[WORK TO BE COMPLETED]: Write out the data word for word, taking care that no picture is carried over.

[MATERIAL PROVIDED]:
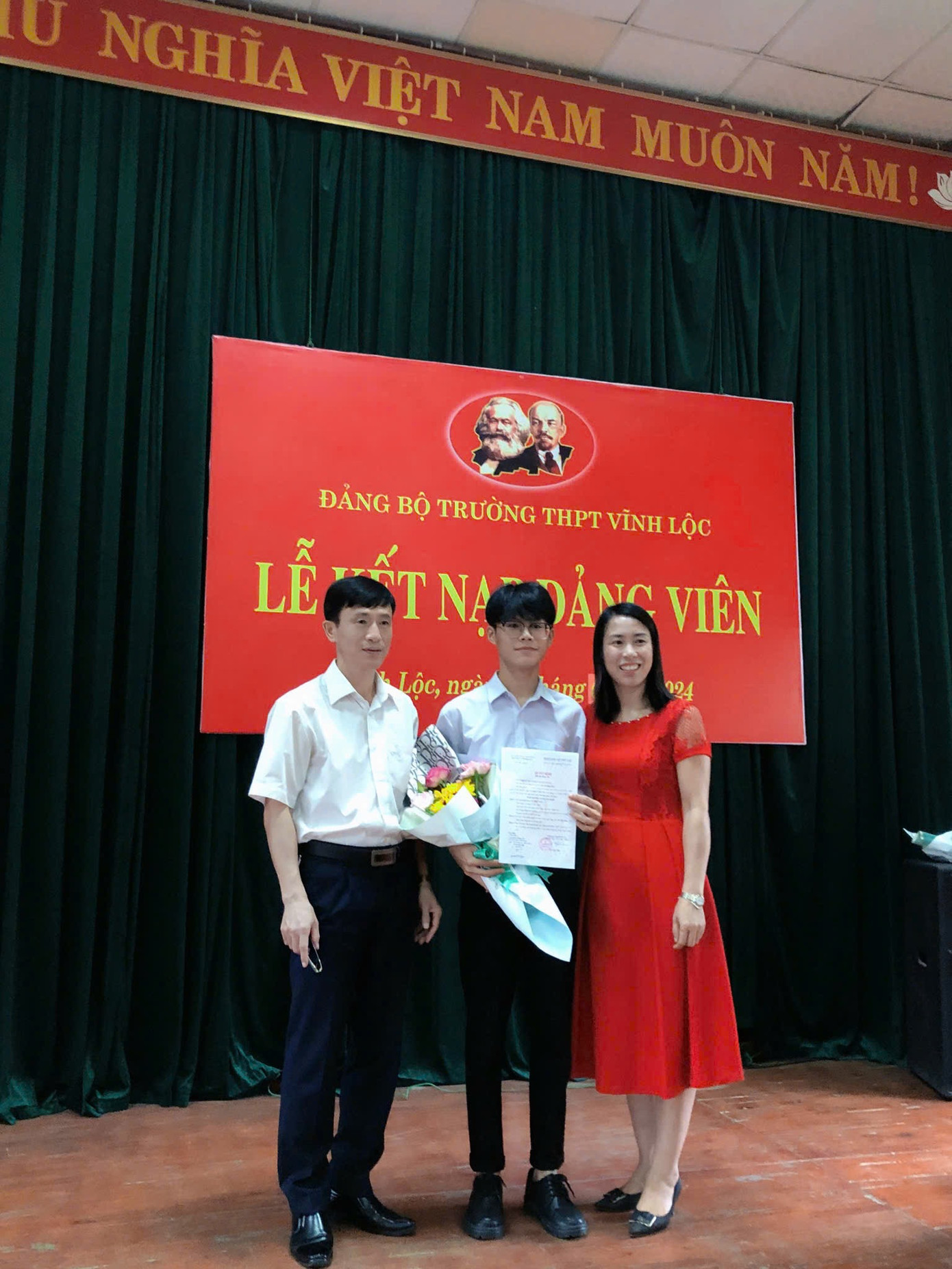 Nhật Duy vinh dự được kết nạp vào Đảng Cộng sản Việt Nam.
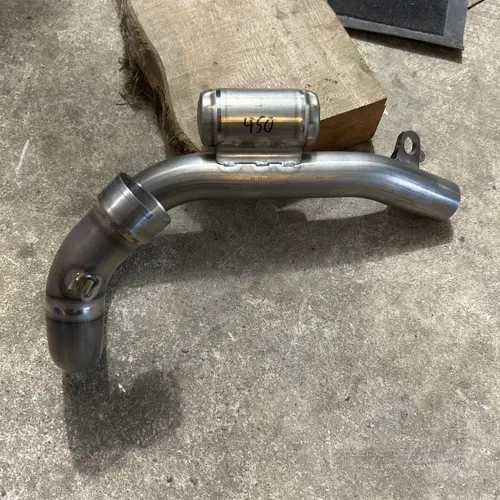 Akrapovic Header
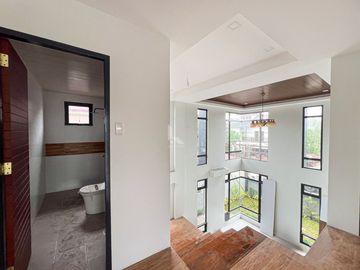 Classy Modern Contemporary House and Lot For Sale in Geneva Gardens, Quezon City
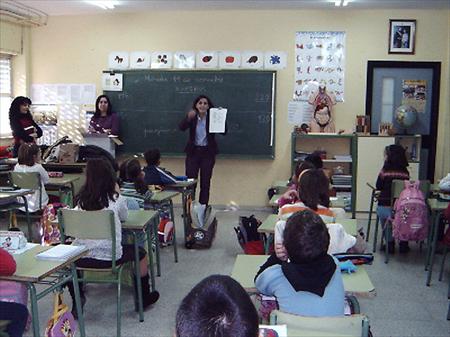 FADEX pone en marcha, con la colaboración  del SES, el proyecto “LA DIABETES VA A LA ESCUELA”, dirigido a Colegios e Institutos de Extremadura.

[EXERCISE SOLUTION]:
 Nhật Duy vinh dự được kết nạp vào Đảng Cộng sản Việt Nam.
 Akrapovic Header
 Classy Modern Contemporary House and Lot For Sale in Geneva Gardens, Quezon City
 FADEX pone en marcha, con la colaboración  del SES, el proyecto “LA DIABETES VA A LA ESCUELA”, dirigido a Colegios e Institutos de Extremadura.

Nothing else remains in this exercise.